There was no express provision in the Government of India Act prohibiting the provinces from levying a tax on sales which took place in the course of import or export or in the course of inter state trade or commerce, or on transactions which took place outside their respective territories. Of course, as regards the legislative power of the provinces, the general limitation that they could legislate only "for the province or any part thereof", was always applicable. A Provincial Legislature could not pass laws having extra-territorial operation. But this did not limit legislative competence (as to a tax on the sale of goods) to sales concluded within the boundaries of the province.1 A sufficient territorial nexus between the taxing state and the sale2 was enough to maintain the validity of the law.
1. Popatlal Shah v. State of Madras, (1953) 4 STC 188: AIR 1953 SC 274: 1953 SCR 677.
2. Sundararamier & Co. v. State of Andhra Pradesh AIR 1958 SC 468 (479, 493): 1968 SCJ 459.
3.2A. Judgment of the Federal Court.-
In this connection, a judgement of the Federal Court is of interest. In 1942, the Federal Court had to consider the question1 whether a tax levied by a province on the first sale by the manufacturer or the producer could be said to be an excise and, therefore, outside the competence of the State. The Federal Court upheld the validity of the tax, on the ground that the tax was on the occasion of sale and not on the occasion of manufacture. In the course of the arguments, the well-known American case of Brown v. State of Maryland, (1827) 12 Wheat 419., was cited, where an act of the state of Maryland, prohibiting the importers of foreign goods from selling their goods without taking a licence, for which 50 dollars had to be paid, was held to be repugnant to the provision in the Constitution of the U.S.A. which provides that: "no state shall, without the consent of Congress, allow any imposts or duties on imports or exports, except what may be absolutely necessary for executing its inspection laws."
The Federal Court pointed out that provisions which were being considered in the American case were very different from the provisions of the Government of India Act.
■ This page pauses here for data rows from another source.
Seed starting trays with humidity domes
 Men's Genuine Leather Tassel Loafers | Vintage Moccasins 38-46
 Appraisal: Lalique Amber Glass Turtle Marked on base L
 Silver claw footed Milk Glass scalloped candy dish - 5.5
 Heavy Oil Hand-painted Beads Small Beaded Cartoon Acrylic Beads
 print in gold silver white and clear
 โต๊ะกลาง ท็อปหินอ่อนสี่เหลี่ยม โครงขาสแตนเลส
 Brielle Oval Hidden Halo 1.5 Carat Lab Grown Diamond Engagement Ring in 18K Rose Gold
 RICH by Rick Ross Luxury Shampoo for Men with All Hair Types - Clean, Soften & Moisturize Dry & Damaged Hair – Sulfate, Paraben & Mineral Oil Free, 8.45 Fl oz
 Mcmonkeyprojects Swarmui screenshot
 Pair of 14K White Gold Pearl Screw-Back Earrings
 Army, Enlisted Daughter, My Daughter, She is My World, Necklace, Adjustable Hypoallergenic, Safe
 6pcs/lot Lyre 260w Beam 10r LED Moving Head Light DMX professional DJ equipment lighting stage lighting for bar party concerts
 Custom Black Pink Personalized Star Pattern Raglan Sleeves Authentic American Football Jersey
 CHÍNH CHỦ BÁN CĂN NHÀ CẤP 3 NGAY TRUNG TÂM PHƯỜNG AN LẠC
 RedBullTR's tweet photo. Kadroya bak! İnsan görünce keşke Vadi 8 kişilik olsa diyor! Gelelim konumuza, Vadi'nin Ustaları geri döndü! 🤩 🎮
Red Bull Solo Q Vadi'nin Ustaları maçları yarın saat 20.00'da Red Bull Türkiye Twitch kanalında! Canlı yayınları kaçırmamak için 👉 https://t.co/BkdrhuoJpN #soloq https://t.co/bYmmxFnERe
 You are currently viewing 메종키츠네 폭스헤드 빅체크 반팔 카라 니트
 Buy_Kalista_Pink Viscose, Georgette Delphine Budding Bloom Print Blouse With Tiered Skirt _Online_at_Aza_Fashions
One of the points of difference emphasised by the Federal Court was that the American Constitution also provides that Congress alone has power "to regulate commerce with foreign nations, among the several states, and with the Indian tribes"; and it was held that the Maryland tax was not less repugnant to this provision also: Marshall, C.J. asked:
"To what purposes should the power to allow importation be given, unaccompanied with the power to authorise the sale of the thing imported? Congress has a right, not only to authorise importation, but to authorise the importer to sell what does the importer purchase, if he does not purchase the privilege to sell?" The Federal Court added:
"On this view of the Commerce clause, it would indeed be difficult to recognise the right of the State to impose a tax upon the first sale of the commodity, at any rate so long as it remained in the importer's hands. In the Indian Constitution Act no such question arises;2 and the right of the Provincial Legislatures to levy a tax on sales can be considered without any reference to so formidable a power vested in the Central Government.
Lastly, the prohibition in the American Constitution is against the laying of "any imports or duties on imports or exports"; the prohibition is not merely against the laying of duties of customs, but is expressed in what we conceive to be far wider terms; and it does not appear to us that it would necessarily follow from the principle of the Maryland decision that in India the payment of customs duty on goods imported from abroad or the payment of an excise duty on goods manufactured or produced in India can be regarded as conferring some kind of licence or title on the importer or manufacturer to sell his goods to any purchaser without incurring a further liability to tax. That was the view which commended itself to the Court in (1827) 12 Wheat 4193 and it was view adopted and argued before us. The analogy with the American case is an attractive one; but, for the reasons which we have given we are wholly unable to accept it."
1. Emphasis Supplied.
2. Brown v. State of Maryland, (1827) 12 Wheat 419.